Editor’s note: On March 29th Russia said it would “drastically reduce combat operations” around Kyiv and Chernihiv, another northern city in Ukraine. This article has been updated as a result.

ON FEBRUARY 26TH, shortly after Russia’s invasion of Ukraine, RIA Novosti, a Russian state-run news agency, accidentally published an article that had been due to run two days into what the Kremlin thought would be a quick and easy war. “Ukraine has returned to Russia,” it boasted. “Did someone in the old European capitals, in Paris and Berlin, seriously believe that Moscow would give up Kiev?” A month into its botched campaign, Russia may be doing just that.

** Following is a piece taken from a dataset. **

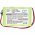 Helyettes�t� orvosi eszk�z akku Welch-Allyn WA49020-EF 72250 3000mAh 10.8Wh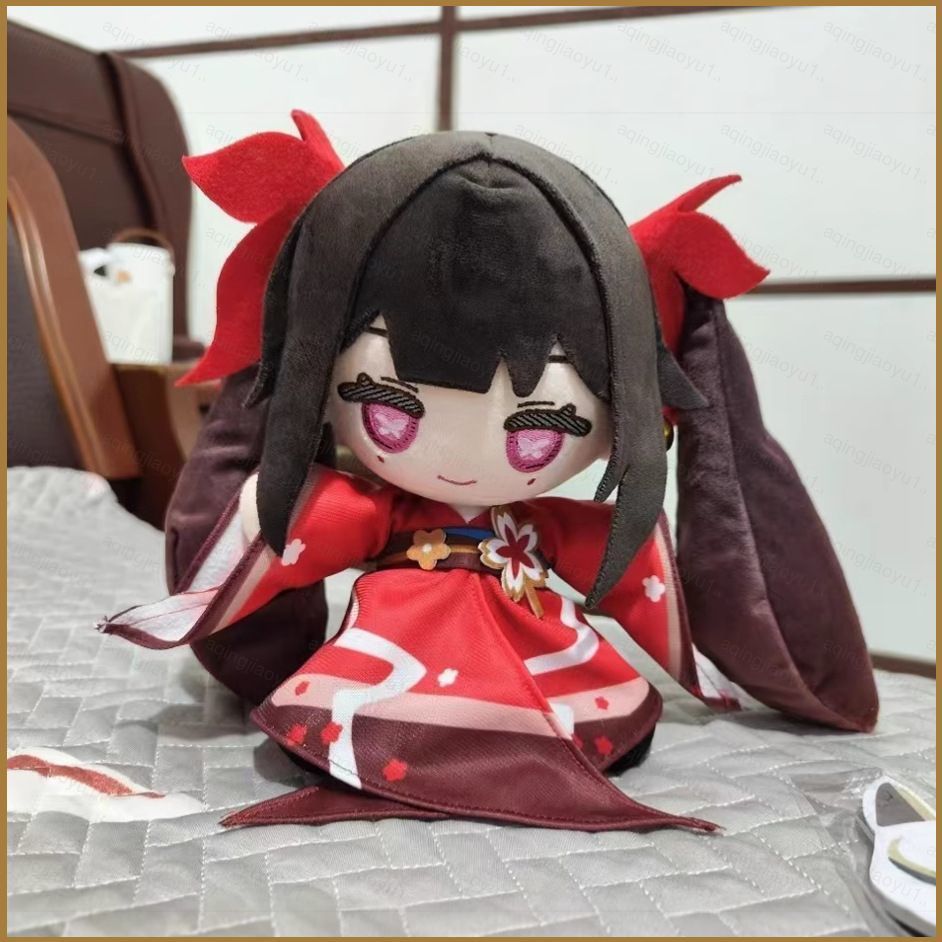 HQ Honkai Star Rail ตุ๊กตาตุ๊กตา Sparkle ตุ๊กตาตุ๊กตาของขวัญสําหรับเด็กผู้หญิงตกแต่งบ้านตุ๊กตาของเล่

On March 25th Russia’s defence ministry held a briefing in which three generals—including General Mikhail Mizintsev, compared by Ben Wallace, Britain’s defence minister, to a “Death Eater” from the Harry Potter books—declared that the war was a roaring success. “The main tasks of the first stage of the operation have been completed,” they declared, despite much evidence to the contrary. Kyiv was never the aim, they insisted. It was attacked only to prevent Ukraine from reinforcing the Donbas region in the east (see map). Russia first invaded Donbas in 2014, creating two so-called “People’s Republics” which it recognised as independent states on February 21st this year. “Our main aim,” said the generals, is “liberating Donbas.” On March 29th, when Russian and Ukrainian negotiators met in Turkey, Russia’s deputy defence minister said that its forces would “drastically reduce” operations around Kyiv and Chernihiv, another northern city.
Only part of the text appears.